In this post we’ll be covering a couple of topics from the Inside Out of the link-state protocols that have always been ambiguous and full of details, we’ll try to make them as crystal clear as we can.
Both link-state routing protocols consider MTU in order to prevent any related problems, mainly loss of routing information due to large routing messages being dropped (consider an OSPF LSU or an IS-IS LSP that is over sized and thus dropped), however each protocol tests the MTU in a different way as we’ll see in the upcoming section.
OSPF requires routers to have matching MTUs in order to become adjacent (this is a little bit far from what really happens as we’ll see later), the MTU size is exchanged in the Interface MTU field in the Database Description Packets and thus the adjacency won’t be established unless the MTU is checked. This means that the neighbors will never go beyond the EXSTART state if the MTU check fails. What really happens is that when the router receives the DDP, it checks the interface MTU field, if the value received from the neighbor is higher than the IP MTU configured on the inbound interface over which the adjacency should be established, the DBD packet is rejected (section 10.6 of the RFC 2328) and the adjacency never goes beyond the EXSTART state.

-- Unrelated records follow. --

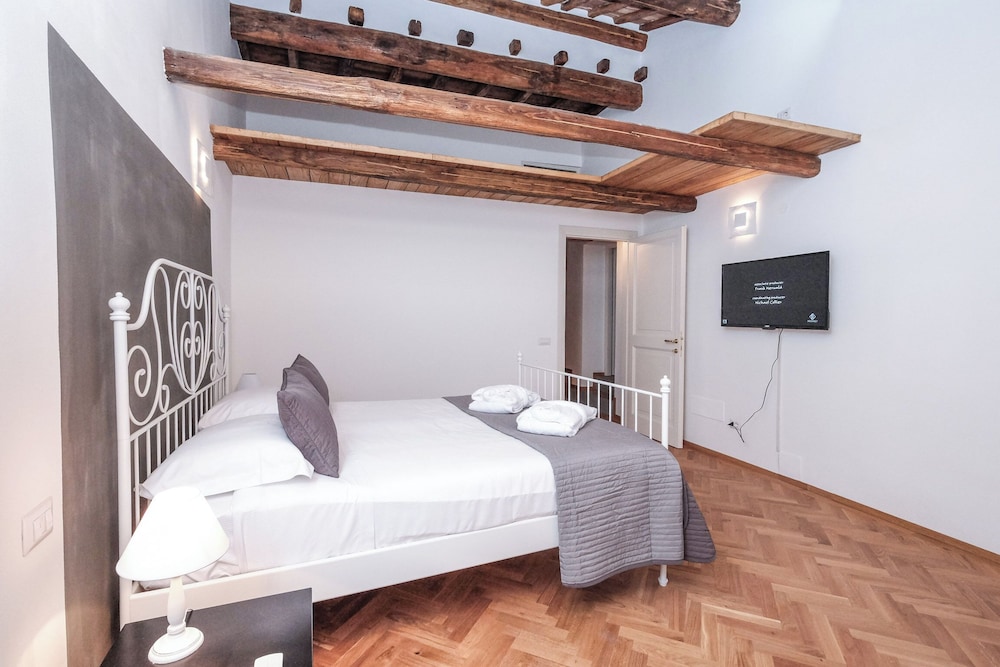 Trastevere Apartments
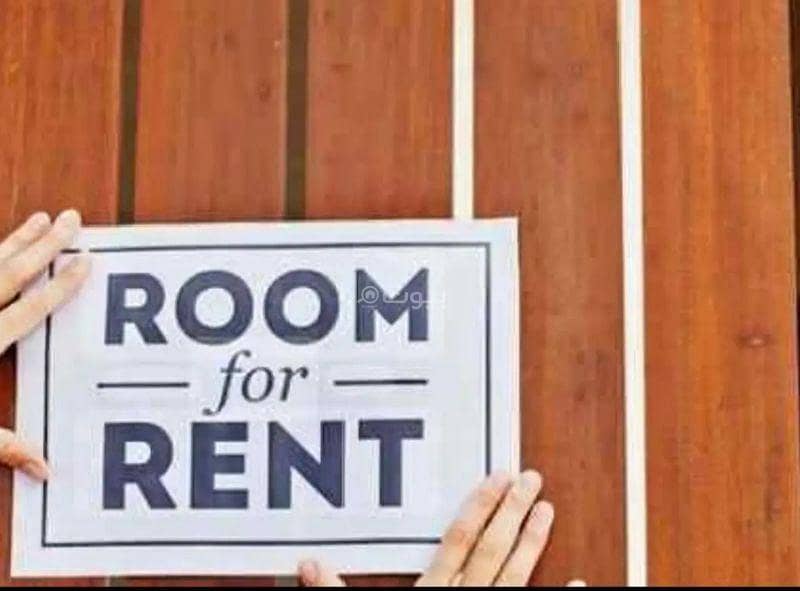 1 Room For Rent in Barka, Al Batinah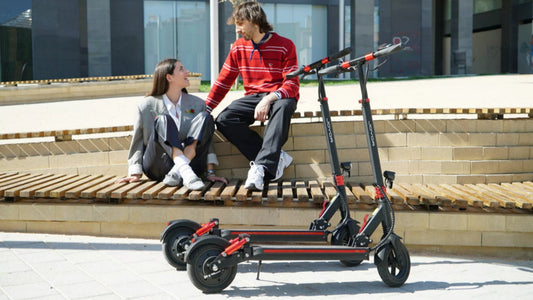 Joyor USA Official Site Five-Year Warranty Service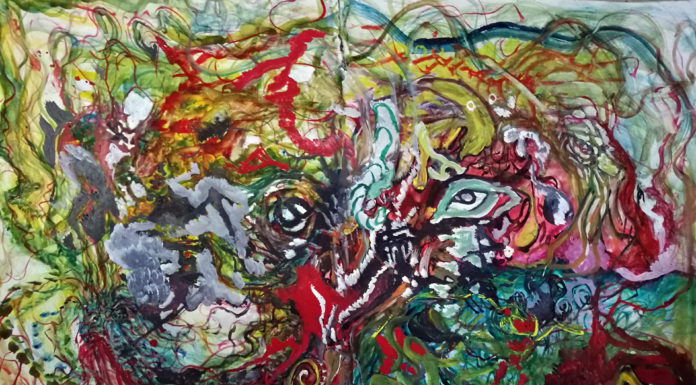 Lysergic Deviations I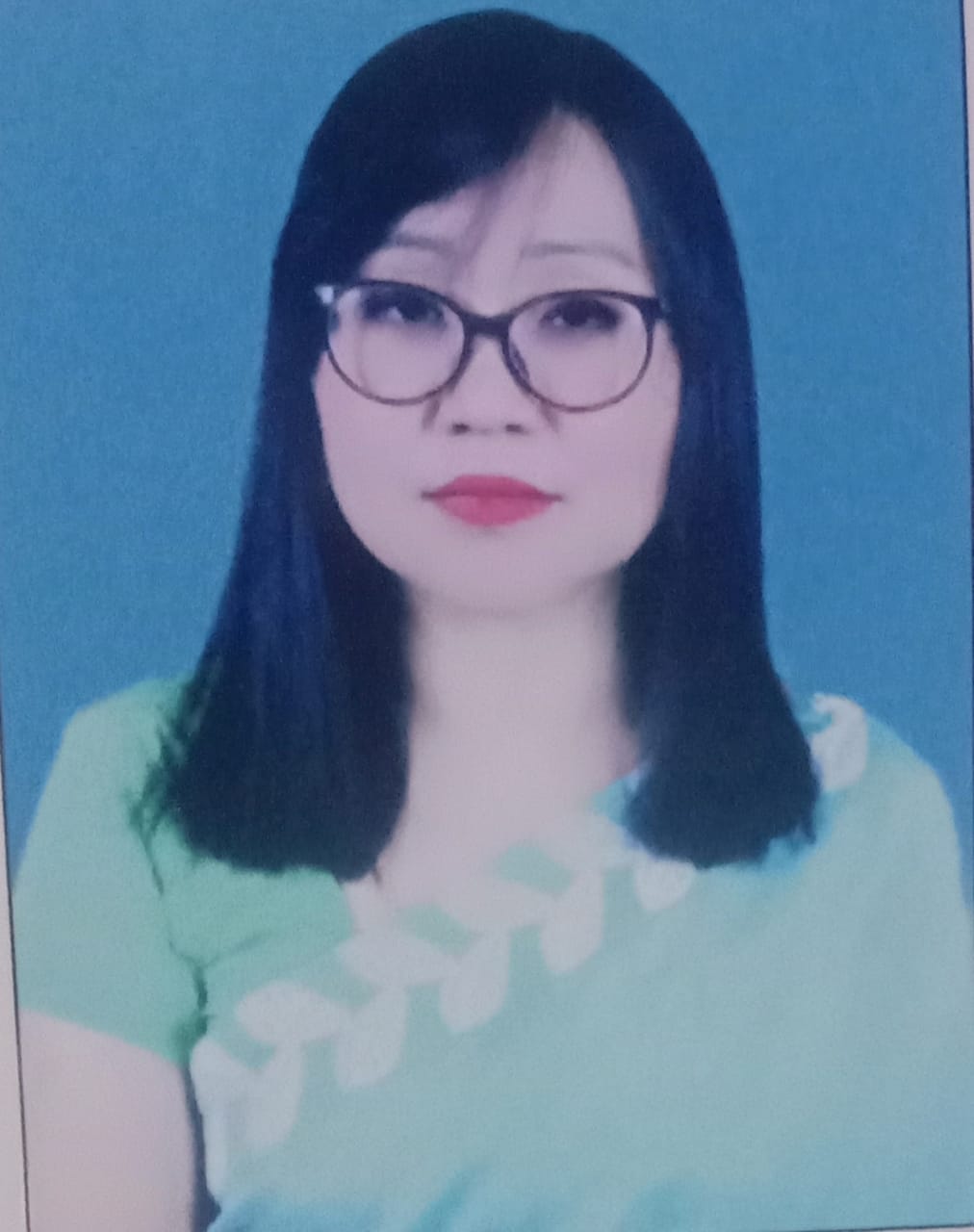 Profile Photo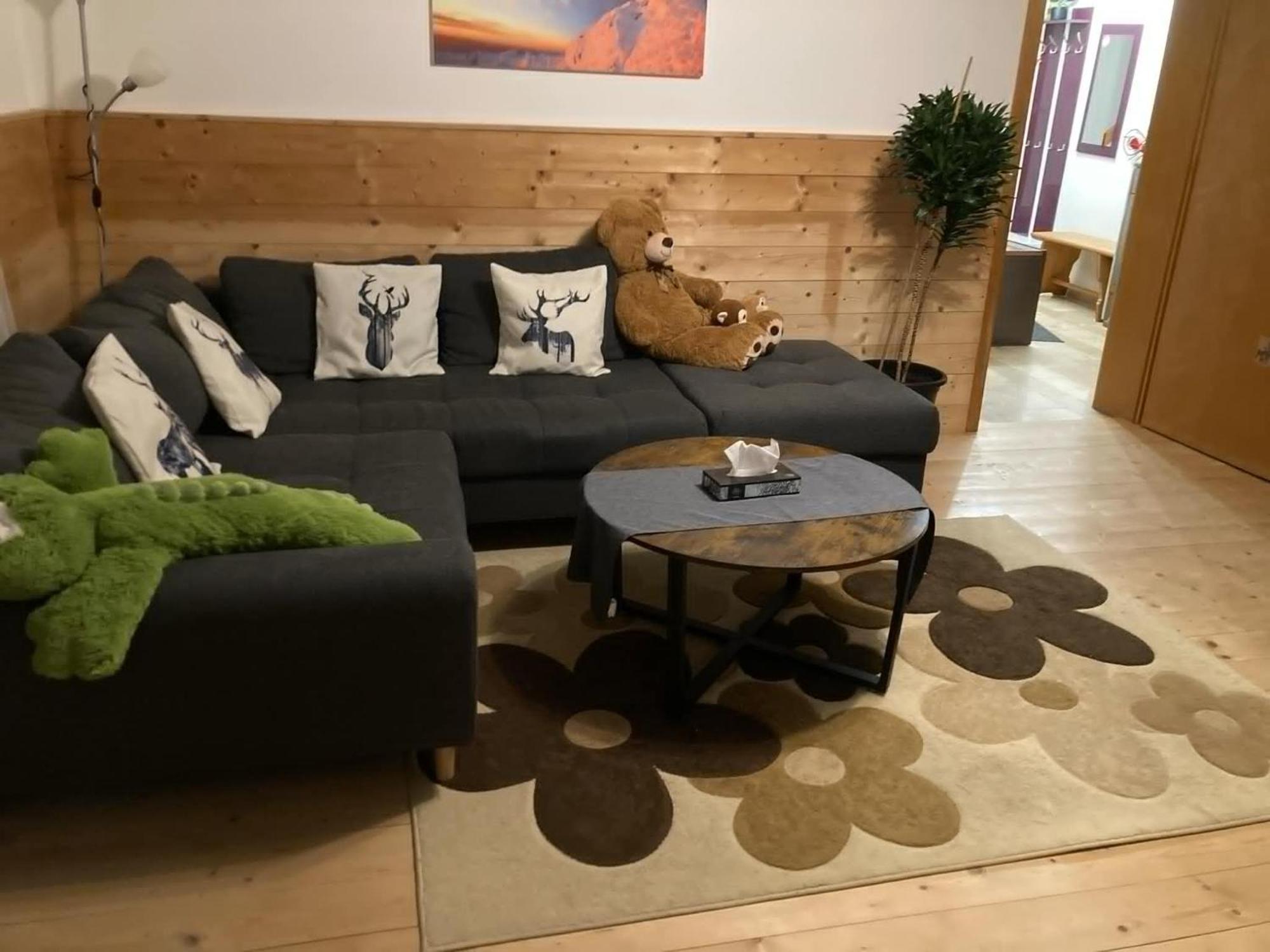 F&F Apartment Bayerisch Eisenstein Dış mekan fotoğraf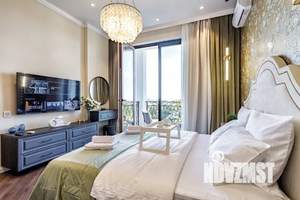 1-к квартира, посуточно, 55м2, 7/20 этаж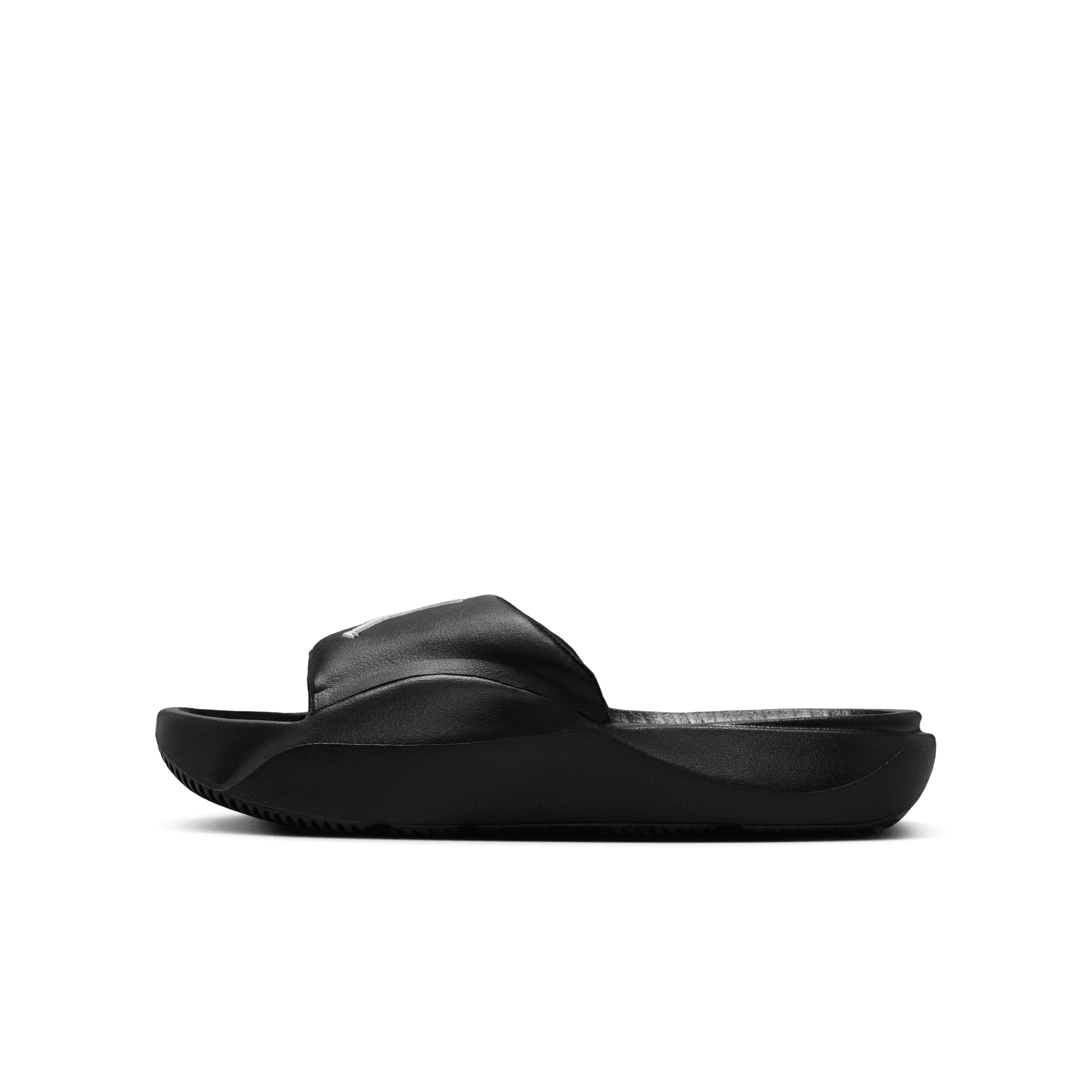 Big Kids' Jordan Franchise "Black White"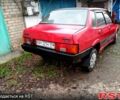 Червоний ВАЗ 21099, об'ємом двигуна 1.5 л та пробігом 100 тис. км за 710 $, фото 2 на Automoto.ua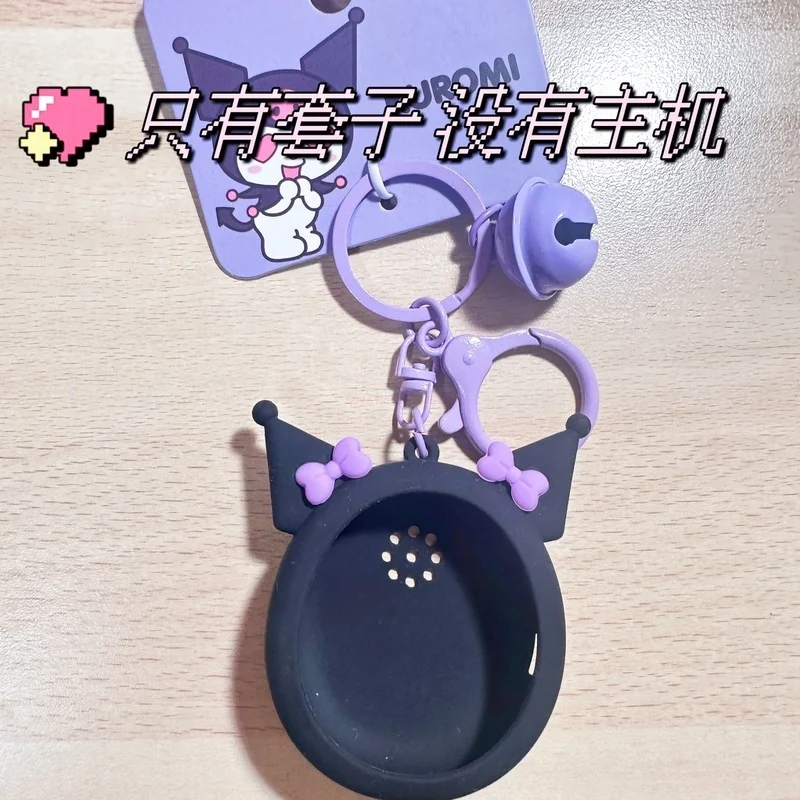 Умный защитный чехол Sanrio Uni, силиконовый чехол, милый мультяшный Аниме подарок на день рождения с изображением куло Ми мелодии большой учильной собаки
Умный защитный чехол Sanrio Uni, силиконовый чехол, милый мультяшный Аниме подарок на день рождения с изображением куло Ми мелодии большой учильной собаки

NOTE I quote from RFC 2328 section 10.6 “Receiving Database Description Packets”: “If the Interface MTU field in the Database Description packet indicates an IP datagram size that is larger than the router can accept on the receiving interface without fragmentation, the Database Description packet is rejected.”
NOTE To avoid any confusion, you’ll generally find DD, DBD or DDP used to denote Database Descriptor Packets.
Cisco has a hack to this operation, which is to simply ignore the MTU mismatch using the “ip ospf mtu-ignore” IOS interface command, this command is only required on the side with the lower IP MTU since it is the side that will cause the issue according to the OSPF implementation as illustrated earlier. However Juniper has no workaround for this, you’ll have to match the IP MTU on both sides.
On the other hand IS-IS pads the Hello PDUs using the 255 bytes Padding TLVs (type code 8 – remember that the length field is 1 byte, and thus a maximum length of 255 bytes, and thus multiple Padding TLVs might be used). According to the standards (ISO/IEC 10589) IS-IS routers must be capable of receiving PDUs of 1492 bytes in length (ReceiveLSPBufferSize). If the MTU is mismatched the hello packets are dropped and thus the adjacency is never established. However continuing padding the hello PDUs is considered useless and waste of resources and thus many implementations provides a hack to stop continuing padding the hellos PDUs and just pad the initial few hello PDUs or until a certain stage. Cisco and Juniper implementations does this in different manner.
NOTE Only Hello PDUs are padded for MTU mismatch detection.
NOTE ISO/IEC 10589 calls the MTU the dataLinkBlocksize.
Cisco provides the “no isis hello padding” IOS interface command or the “no hello padding” IOS IS-IS command to pad only the first 5 hello PDUs and stop padding after. However Juniper provides another methodology, Juniper supports three modes for hello padding: adaptive (Pad until the neighbor is UP) / loose (Pad until the neighbor is initializing) / strict (always pad hello PDUs) – By default Juniper uses Loose Hello Padding.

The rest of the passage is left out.